I thought I knew what scalability was. Just the same way most of us thought we knew what distributed systems were.
I realized I had to completely relearn these systems because of the cloud.
There are a number of considerations that you as a developer, architect or engineering team have to make as your user base grows. Going from products with 10 to say 30 or a million and so forth has its considerations. This, of course, depends on the user base we are talking about.
Remember astute reader, a customer can be an organisation with a plethora of other members inside it, or just as well be a single user called Jack.
Explore with me
Imagine thousands, half a million and so forth people performing a search query against a server. If those queries land on your end, would it break? Would it be able to hold?
We should be able to handle more data, more concurrent connections and higher interaction rates.
A note on interaction rate:
How often a user changes the interface on a blog application vs a game.
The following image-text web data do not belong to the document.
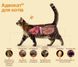 Краплі Адвокат для котів вагою від 4 до 8 кг (0,8 мл 1 піпетка) BAYER 10354 фото 2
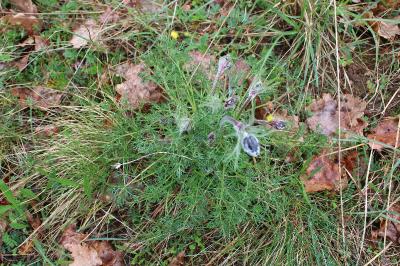<i>Pulsatilla rubra</i>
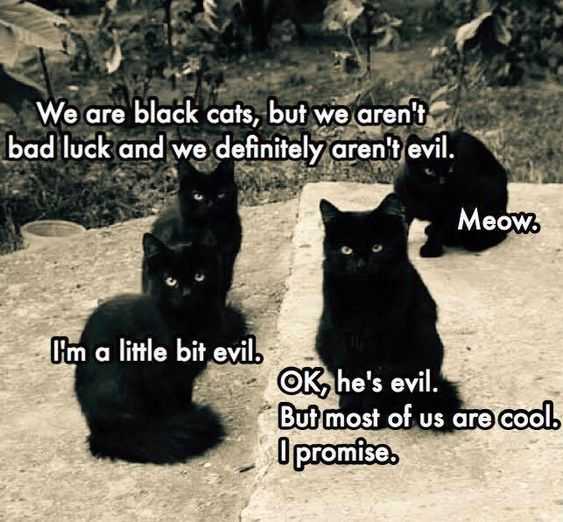 Cat Little Evil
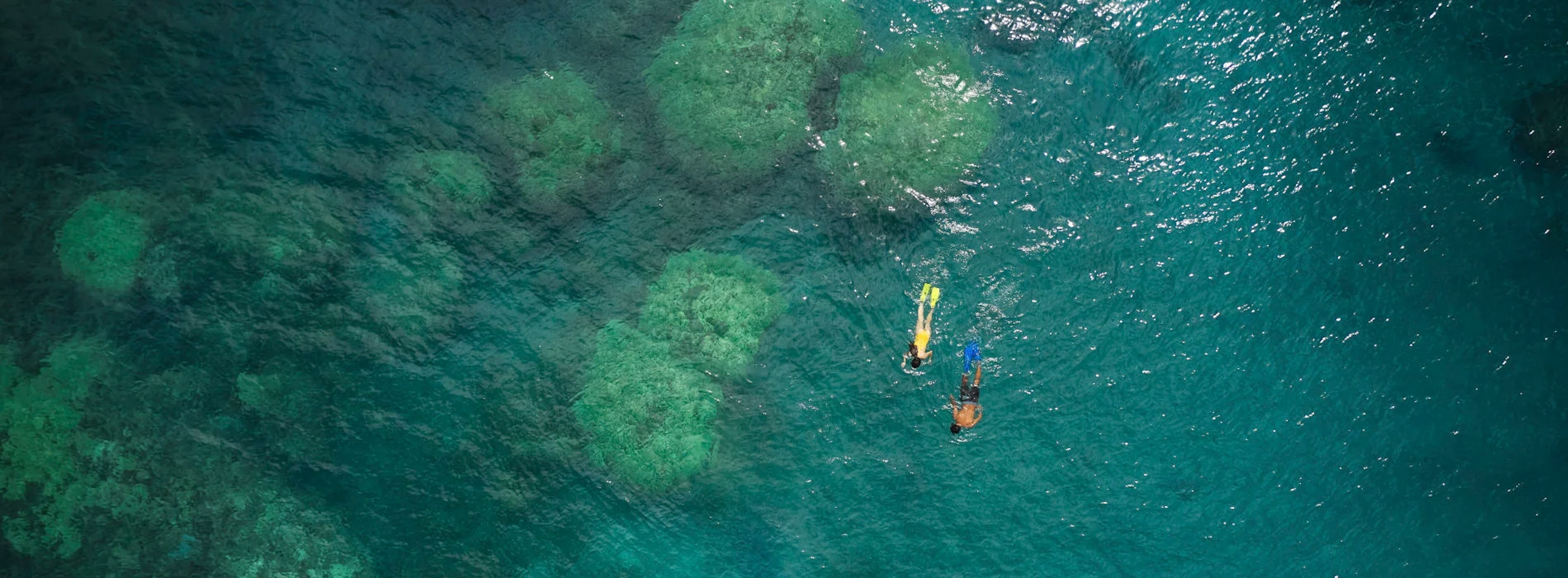 Two persons swimming in the water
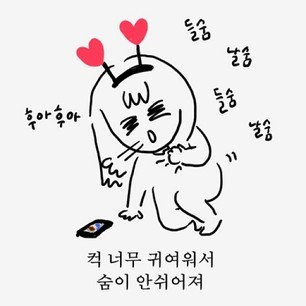 우리집 고양이를 토끼로 바꾸는법 (파워생정) | 인스티즈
Before we begin, it is important to note that setting up our product for scalability should be as easy and cheap to grow 10x as it should at 0.2x as is common with startups whose needs change rapidly over a short period of time.
Foremost, there are two types of scaling we need to observe.
a) Vertical scalability
b) Horizontal scalability
Both of the aforementioned have their pros and cons - each with a use case which would be deemed fit. Let's narrow this down.
For solo and relatively small ventures, you might opt for a VPS(virtual private server) which is essentially a physical machine holding multiple 'servers', yours included, each with its own OS and so forth. Once at a certain cap, you might see the need to increase resources and hence, the incremental hunt; more RAM, more storage, more CPU and so forth. almost everything gets more.
The example above, is one implementing vertical scaling, where, we upgrade the hardware and or the network throughput. In short, you do not need to modify your application architecture.
Broken to bits, we resolve to a number of techniques.
- Adding more drives in RAID arrays and thus distributing our reads and writes during database interaction.
- Switching to solid-state drives from hard drives
- Increasing the RAM
- Adding more cores to the server to reduce the context switching.
- Upgrading network adapters, especially for systems reliant on media file processing.
There are a number of drawbacks, however. For instance, the change to a solid-state drive might not show a significant difference if working with MySQL which uses its own data structures for sequential disk operations or Cassandra. At a certain point, lock contention is bound to catch up and here, more CPU does little to any good. Vertical scaling also comes with a steep financial cost as you add more and more given the cash input doubles or triples as a unit of resource is added.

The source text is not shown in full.